::: Information supplied

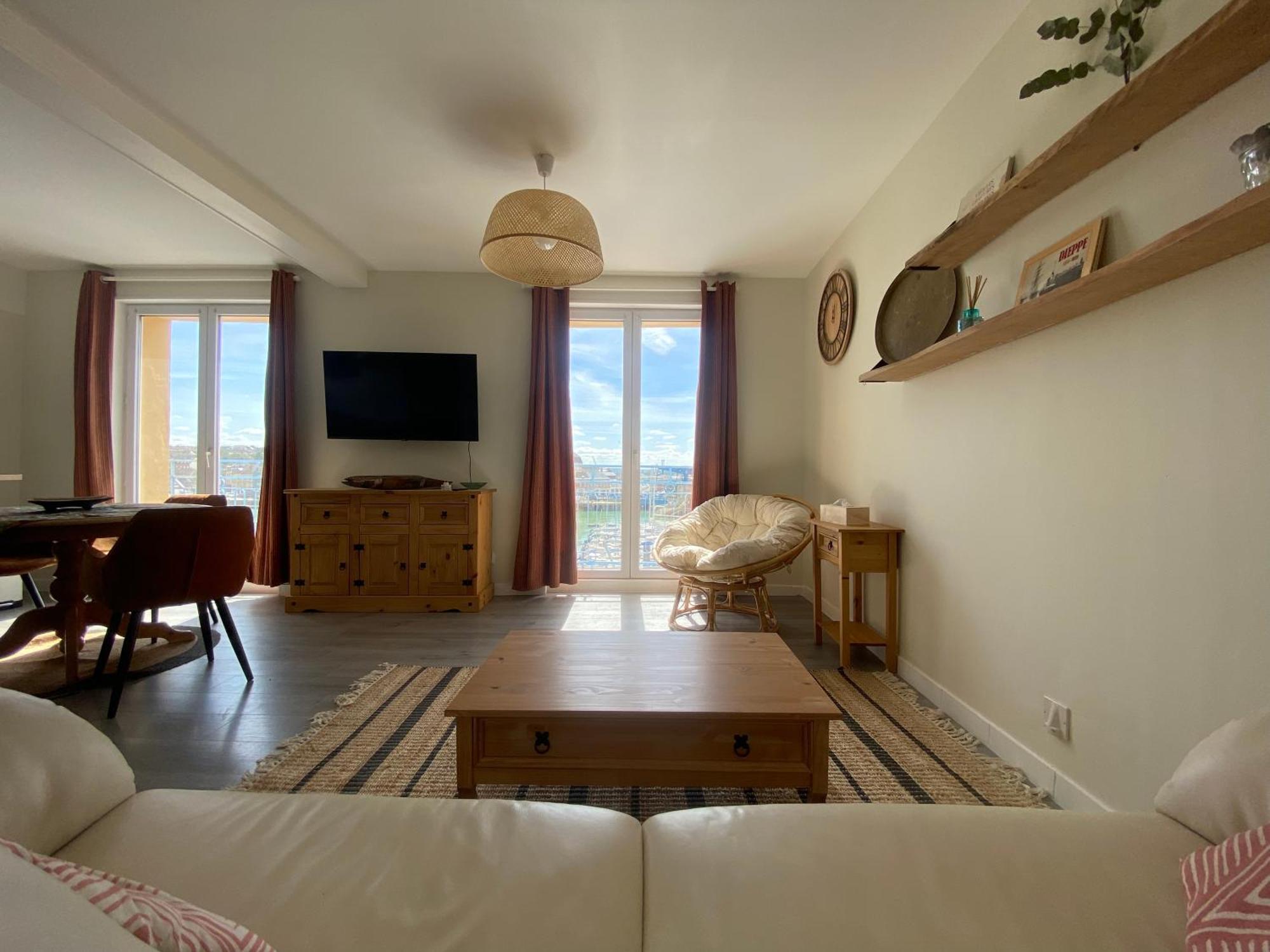 Etablissement 3 Etoiles Avec Ascenseur, 3 Appartements Lumineux Vue Port Avec Balcon, 200M De La Mer, Wifi Fibre, Tous Service Inclus Dieppe Exterior foto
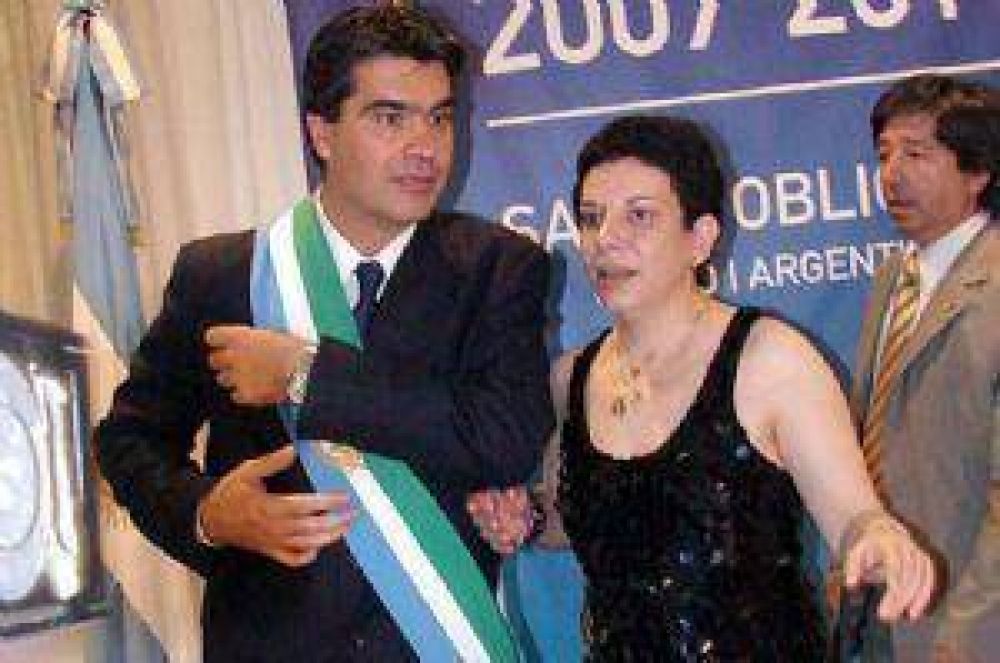 Capitanich le pidi la renuncia a su mujer y ella choc 6 autos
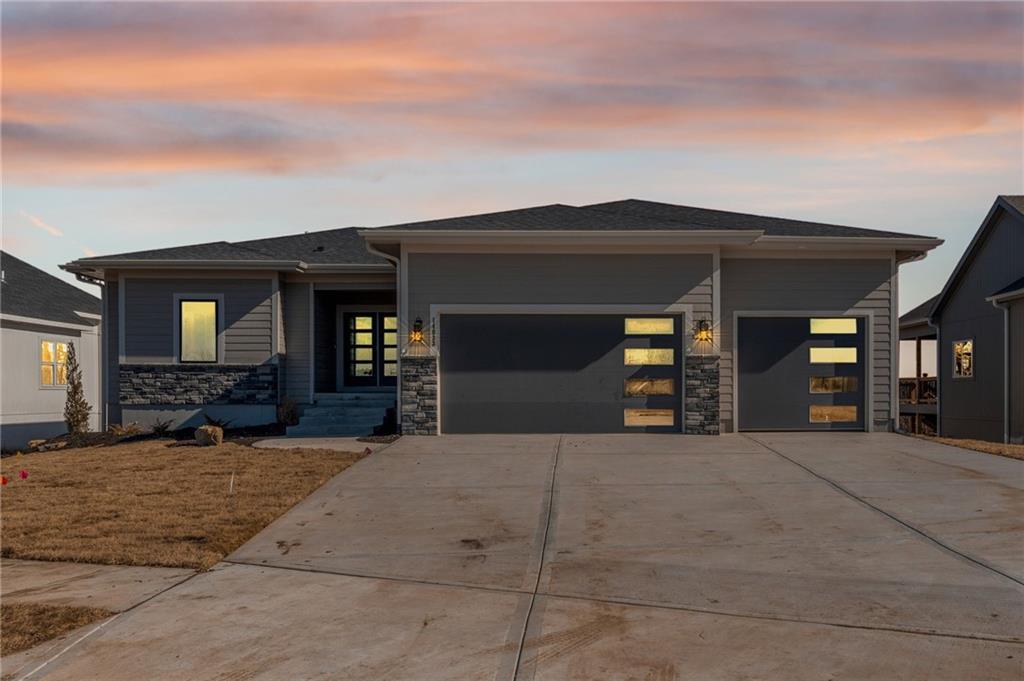 Listing Photo MLS #HMS2595181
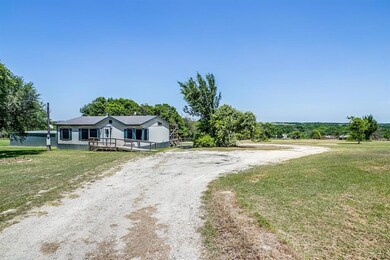 655 Sanger Dr, Springtown, TX 76082 - photo 4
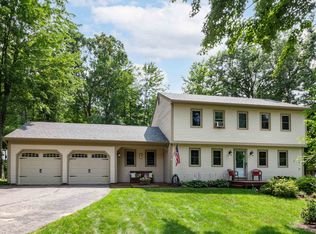 7 Hampshire Ct, Essex Junction, VT 05452
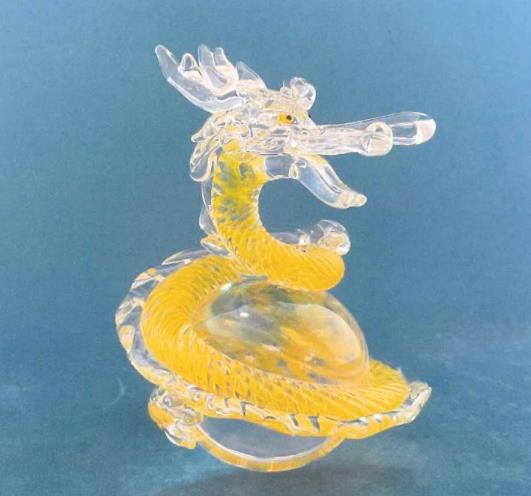 
                  金運玉龍 小 硝子置物 高さ180mm 奥行120mm 幅120mm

::::::

Work task: Leave out the pictures, and extract exactly the lines from the one with "Capitanich le pidi" through the end of the records, both ends included.

Answer to this exercise:
 Capitanich le pidi la renuncia a su mujer y ella choc 6 autos
 Listing Photo MLS #HMS2595181
 655 Sanger Dr, Springtown, TX 76082 - photo 4
 7 Hampshire Ct, Essex Junction, VT 05452
                  金運玉龍 小 硝子置物 高さ180mm 奥行120mm 幅120mm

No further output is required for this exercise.